Der Independence Day 2022 findet nicht nur aus diesem Grund in gedrückter Stimmung statt. Die Vereinigten Staaten sind eine zerrissene Nation. Die politische Polarisierung, die seit Jahrzehnten im Gang ist, hat sich verschärft. Rechts und links driften immer stärker auseinander. Selbst auf den Obersten Gerichtshof ist kein Verlass mehr.
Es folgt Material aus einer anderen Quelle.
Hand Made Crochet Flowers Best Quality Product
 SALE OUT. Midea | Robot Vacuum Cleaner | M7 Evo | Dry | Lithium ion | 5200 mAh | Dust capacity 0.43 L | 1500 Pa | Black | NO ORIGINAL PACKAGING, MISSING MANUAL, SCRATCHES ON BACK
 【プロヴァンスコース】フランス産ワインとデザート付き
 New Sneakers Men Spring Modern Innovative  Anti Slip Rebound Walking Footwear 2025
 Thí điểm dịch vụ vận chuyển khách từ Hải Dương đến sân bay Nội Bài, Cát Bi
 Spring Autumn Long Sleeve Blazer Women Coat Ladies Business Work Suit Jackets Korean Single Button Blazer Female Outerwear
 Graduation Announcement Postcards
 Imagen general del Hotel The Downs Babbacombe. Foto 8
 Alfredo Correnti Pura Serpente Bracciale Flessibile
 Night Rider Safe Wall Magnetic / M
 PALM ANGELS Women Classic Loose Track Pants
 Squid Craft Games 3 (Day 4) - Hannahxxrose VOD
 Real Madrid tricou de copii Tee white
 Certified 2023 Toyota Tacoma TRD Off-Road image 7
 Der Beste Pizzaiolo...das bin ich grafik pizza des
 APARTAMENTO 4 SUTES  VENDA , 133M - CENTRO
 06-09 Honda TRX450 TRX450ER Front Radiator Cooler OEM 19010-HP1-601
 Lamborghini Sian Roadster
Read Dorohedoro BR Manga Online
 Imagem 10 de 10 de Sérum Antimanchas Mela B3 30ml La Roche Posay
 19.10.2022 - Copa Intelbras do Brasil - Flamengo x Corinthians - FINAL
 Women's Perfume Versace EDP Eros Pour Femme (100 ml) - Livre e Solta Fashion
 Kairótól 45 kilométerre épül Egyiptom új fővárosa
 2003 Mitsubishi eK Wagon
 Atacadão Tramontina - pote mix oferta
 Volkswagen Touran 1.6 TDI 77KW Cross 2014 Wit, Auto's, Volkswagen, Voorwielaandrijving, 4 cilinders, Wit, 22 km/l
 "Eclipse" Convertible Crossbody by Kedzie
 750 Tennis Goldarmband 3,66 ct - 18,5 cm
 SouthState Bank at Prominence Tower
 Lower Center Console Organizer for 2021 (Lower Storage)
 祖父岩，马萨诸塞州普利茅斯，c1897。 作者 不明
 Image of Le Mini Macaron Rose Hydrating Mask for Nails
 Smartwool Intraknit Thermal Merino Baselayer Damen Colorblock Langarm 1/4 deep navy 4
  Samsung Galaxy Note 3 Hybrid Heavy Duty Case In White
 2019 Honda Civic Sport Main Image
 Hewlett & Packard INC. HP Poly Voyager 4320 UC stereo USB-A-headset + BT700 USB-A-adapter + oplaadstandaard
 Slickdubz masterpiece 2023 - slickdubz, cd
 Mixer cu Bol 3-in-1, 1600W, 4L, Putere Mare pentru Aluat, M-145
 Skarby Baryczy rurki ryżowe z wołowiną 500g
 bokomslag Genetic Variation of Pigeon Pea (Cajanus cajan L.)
Eine AP-Umfrage reflektiert den tiefen Pessimismus über die Lage der Nation und ihrer Wirtschaft. Nicht weniger als 85 Prozent der Befragten gaben an, die USA bewegten sich in die falsche Richtung. Für einmal sind sich die Anhänger beider Parteien weitgehend einig. Selbst 78 Prozent der Demokraten, die den Präsidenten stellen, sind unzufrieden.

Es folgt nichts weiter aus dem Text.